Na początek - w sezonie 08/09 straciłem dwa kaski - jeden za pomocą kamienia z(pod) TIRa(strach myśleć co by było gdyby...) drugi raz również TIR ale rajdowiec, zepchnął mnie na barierki. Pomogło to też w przekonaniu do kasku żony. Dla mnie kask to podstawa.
Mieszkam na takiej prowincji gdzie moja jazda w kasku po mieście jest dla mieszkańców nie lada atrakcją, a po wsiach gdy jadę dzieci rzucają za mną kamieniami bo straszę kury, a krowy nie chcą się doić
Próbuję sobie wyobrazić wcielanie w życie nowelizacji Ustawy Kodeks Ruchu Drogowego - nakaz jazdy w kasku na rowerze.
Już i tak granatowi u mnie chowają się za kioskiem i czatują na babcie wychodzące z kościoła i olewające istnienie pasów. Jeszcze ciekawiej wyglądałby taki patrol pod Biedronką gdzie przyjeżdża masa rowerzystów z okolicznych wiosek.
Próbuję sobie wyobrazić mojego sąsiada - Pana Stanisława, który mimo swoich 70 lat codziennie ok 8 rano jeździ, bez względu na pogodę, do piekarni po chleb oraz na targ po mleko od rolników.
Dla mnie taki nakaz byłby bez sensu i nie ma co gdybać bo nie zostanie wprowadzony.

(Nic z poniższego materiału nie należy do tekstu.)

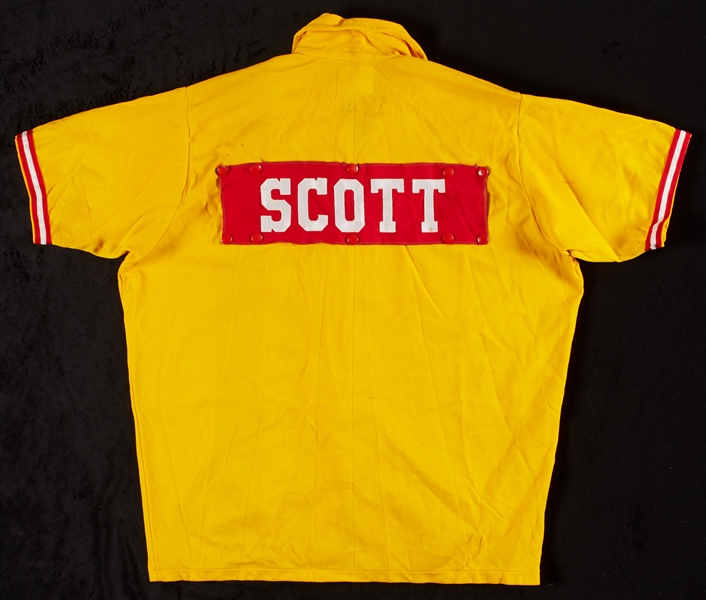 Scott English 1974-75 San Diego Conquistadors Warm-Up Jacket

Bardziej sensownym byłoby wprowadzenie obowiązku jazdy w kasku dla młodzieży powiedzmy do 15 roku życia. Z drugiej strony kto będzie tego pilnował? Kolejny martwy przepis.
Co do spisku - zbyt dużo mamy producentów kasków by można było mówić o jakichś spiskowych teoriach i lobby. Załóżmy, że dobry kask, dobrej firmy będzie kosztował 99 zł to małe chińskie rączki są w stanie wyprodukować i wrzucić na nasz rynek szpanersko wyglądający kask za 49 zł - więc jaki sens miałoby lobbowanie na rzecz obowiązku jazdy w kasku?